▸ **What to do**
In the records below, the line with "Lösungen für Zahnbrücken" and every line after it must be written out exactly; no pictures belong in the result.

▸ **Excerpted data**
- - - -
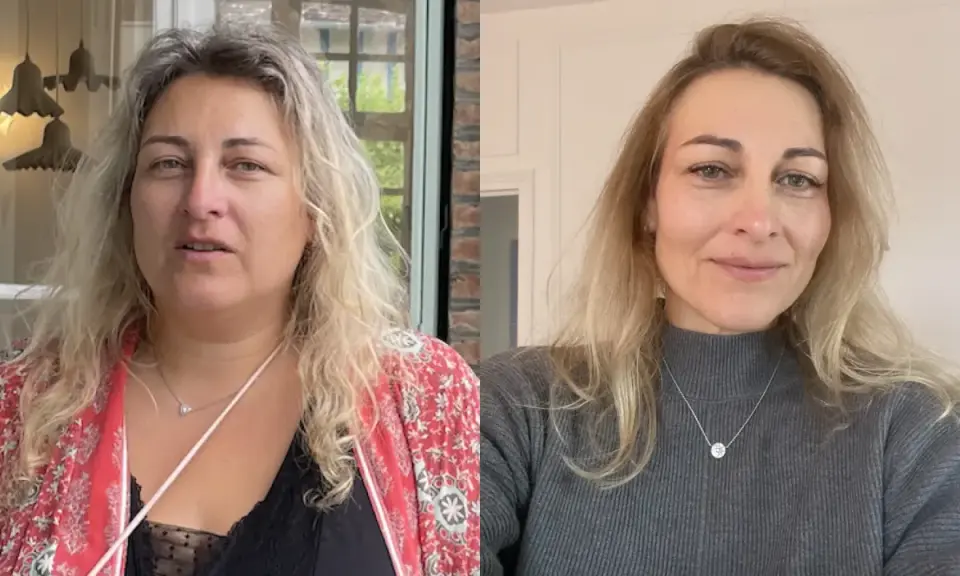 Avant/après : le visage s'affine visiblement après une perte de poids. La question "à partir de combien de kilos perd on du visage" trouve ici une réponse visuelle.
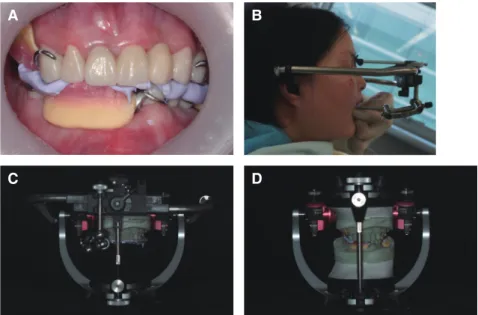 Fig. 8. (A) Maxillomandibular relationship registration, (B) Facebow transfer, (C, D) Mounting procedure to semi- semi-adjustable articulator.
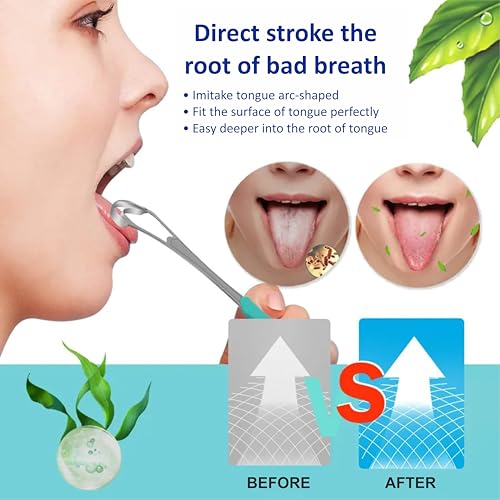 Image of 2 pcs spoon shap with silicon handle Tongue Scraper, 100% Useful Surgical Stainless Steel Tongue Cleaner for Both Adults and Kids, Professional Reduce Bad Breath Metal Tongue Scrapers, Help Your Oral Hygiene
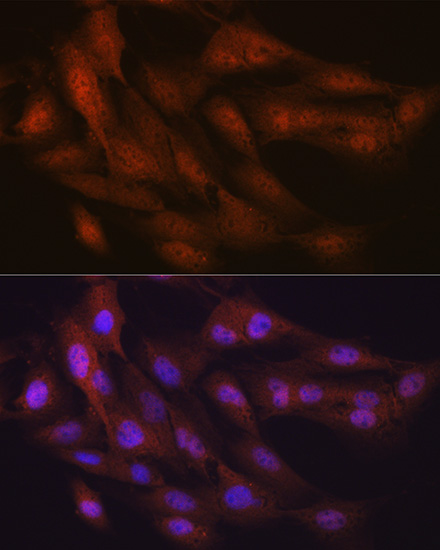 K48-linkage Specific Ubiquitin Rabbit monoclonal antibody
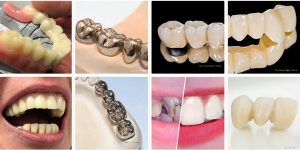 Lösungen für Zahnbrücken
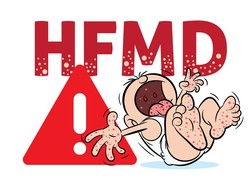 Banyak Dialami Anak Usia 5 Tahun, Ini Gejala Flu Singapura yang Harus Diwaspadai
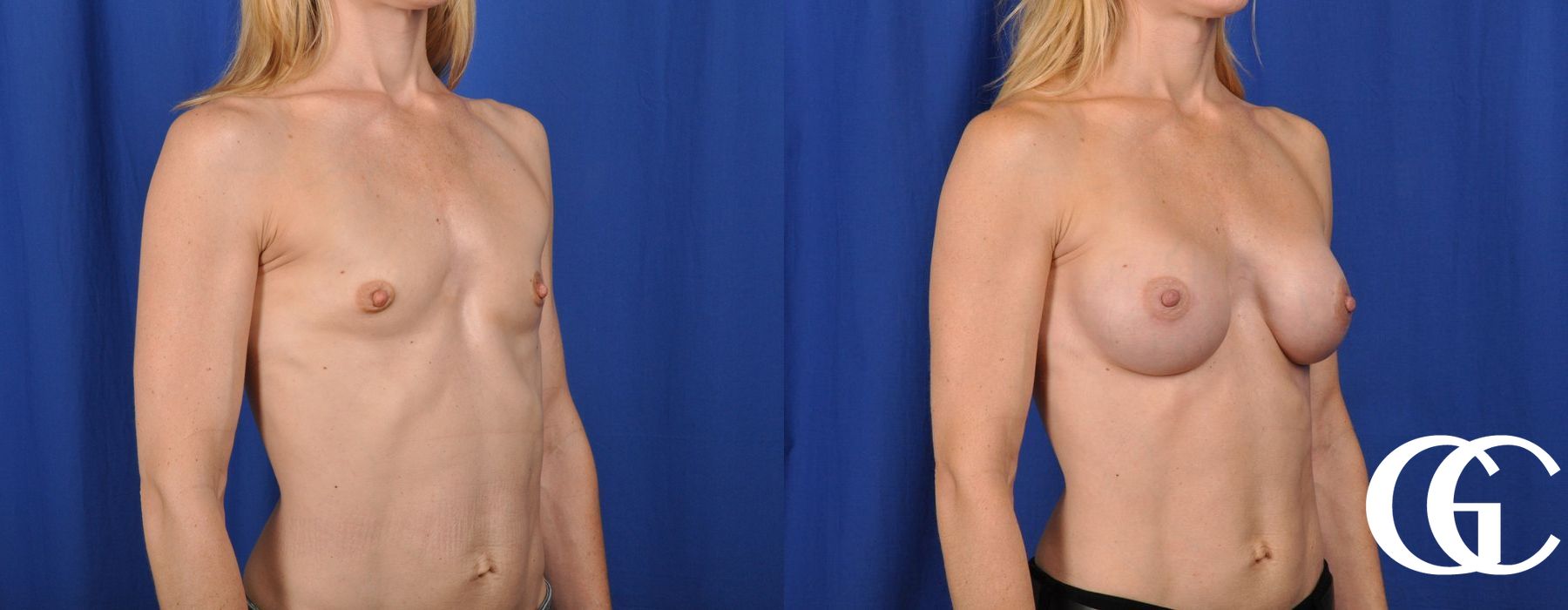 Breast Augmentation - Case 7037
- - - -
▸ **The completed task**
 Lösungen für Zahnbrücken
 Banyak Dialami Anak Usia 5 Tahun, Ini Gejala Flu Singapura yang Harus Diwaspadai
 Breast Augmentation - Case 7037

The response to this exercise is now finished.